Guwahati, April 22 (Inditop.com) The rift within the outlawed United Liberation Front of Asom (ULFA) widened further with jailed chairman Arabinda Rajkhowa Thursday questioning the authority of the outfit’s elusive commander-in-chief Paresh Baruah in trying to block a peace initiative by the newly-floated Citizen’s Forum.

“Personal views would only add to the confusion and lead to the people of Assam getting confused,” the ULFA chairman told journalists while being produced before a Guwahati court.

Rajkhowa was reacting to a series of e-mailed statements by Baruah in the past four days where he rejected an initiative by the Forum to hold a state-level convention Saturday to push forward the deadlocked peace process.

Baruah’s adamant stand of rejecting any peace initiative minus independence is seen as a snub to the outfit’s overground leaders who recently helped in the formation of the Citizen’s Forum to broker peace with the government.

The 11-member Citizen’s Forum last week claimed the top ULFA leadership, including its elusive commander-in-chief, would come for peace talks.

The Forum was formed after ULFA vice chairman Pradip Gogoi and publicity chief Mithinga Daimary met leading citizens in the state and appealed for their help in furthering the deadlocked peace process.

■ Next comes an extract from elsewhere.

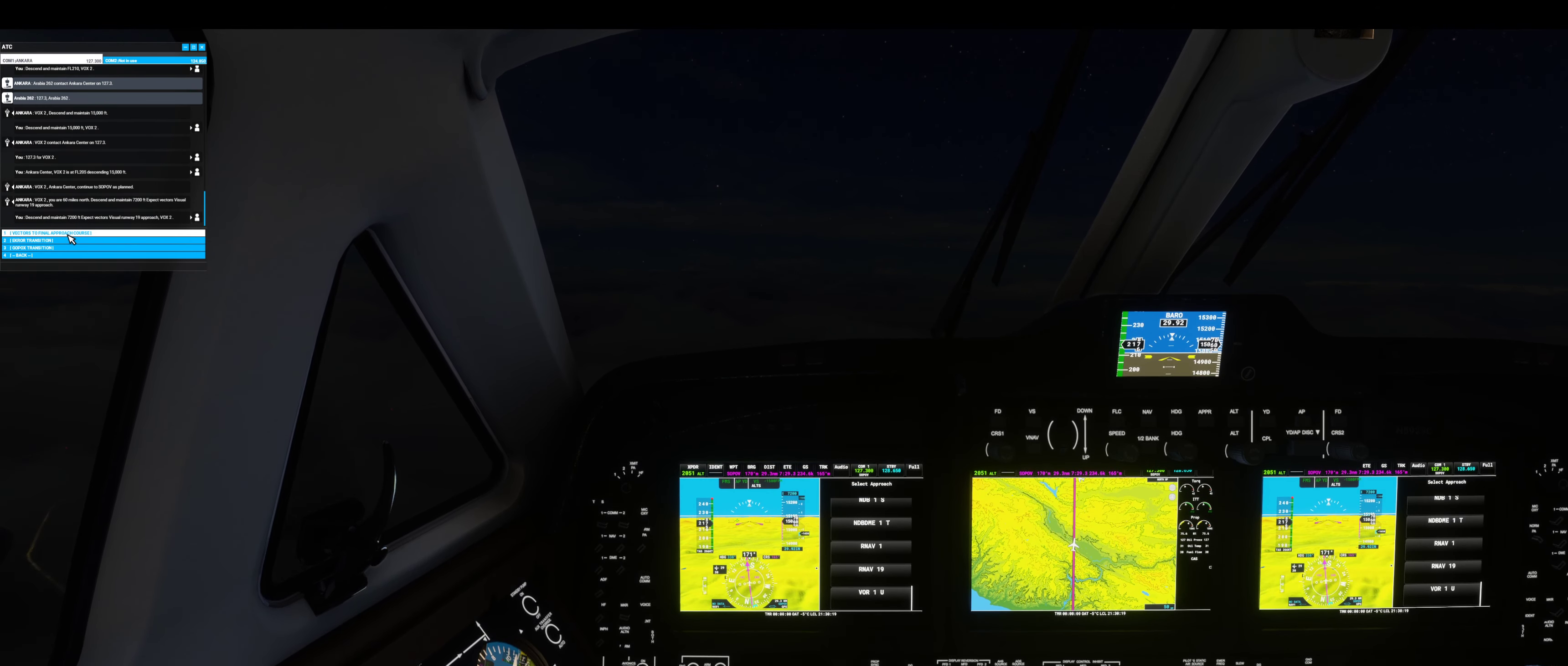Fox 2 would like RNAV runway one-niner approach, vectors to final. Fox 2 is cleared to Sierra India Victor Alpha Sierra Airport as filed. Squawk 2051. Fox 2 cleared to Sierra India Victor Alpha Sierra Airport as filed, squawk 2051. Fox 2 read back correct.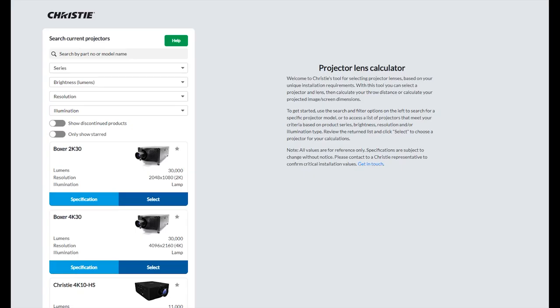Welcome to the Christie Projector Lens Calculator. In this tutorial we'll talk about ultra short throw lenses.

The two ULFA leaders are now out on bail after a Guwahati court last month released them from judicial custody.

“Let there be no personal views on the matter, let us not create confusion in the minds of the people of Assam,” the ULFA chairman Rajkhowa said.

On Thursday, the ULFA commander-in-chief in a statement said they were not against peace talks, but reiterated that there can be no compromise on their demand of independence.

Rajkhowa has become the second top leader to have challenged Baruah’s statements. On Wednesday, jailed deputy commander-in-chief Raju Baruah too questioned Paresh Baruah.

“On matters of peace talks, it is the collective leadership whose views should be considered important and not individual or personal views of Paresh Baruah,” Raju Baruah told journalists while being produced in a Guwahati court Wednesday.

The series of statements and counter statements clearly indicates a rift within the ULFA is becoming visible – Paresh Baruah on one side, adamant on waging a war for independence, and the other top rebel leadership who are either in jail or out on bail expressing their desire for peace talks with the government.

Barring the ULFA’s elusive commander-in-chief Paresh Baruah, the entire top brass of the outfit is in jail — the imprisoned leaders include chairman Arabinda Rajkhowa, deputy commander-in-chief Raju Baruah, self-styled foreign secretary Sasha Choudhury, finance secretary Chitrabon Hazarika, cultural secretary Pranati Deka, and ULFA political ideologue Bhimkanta Buragohain.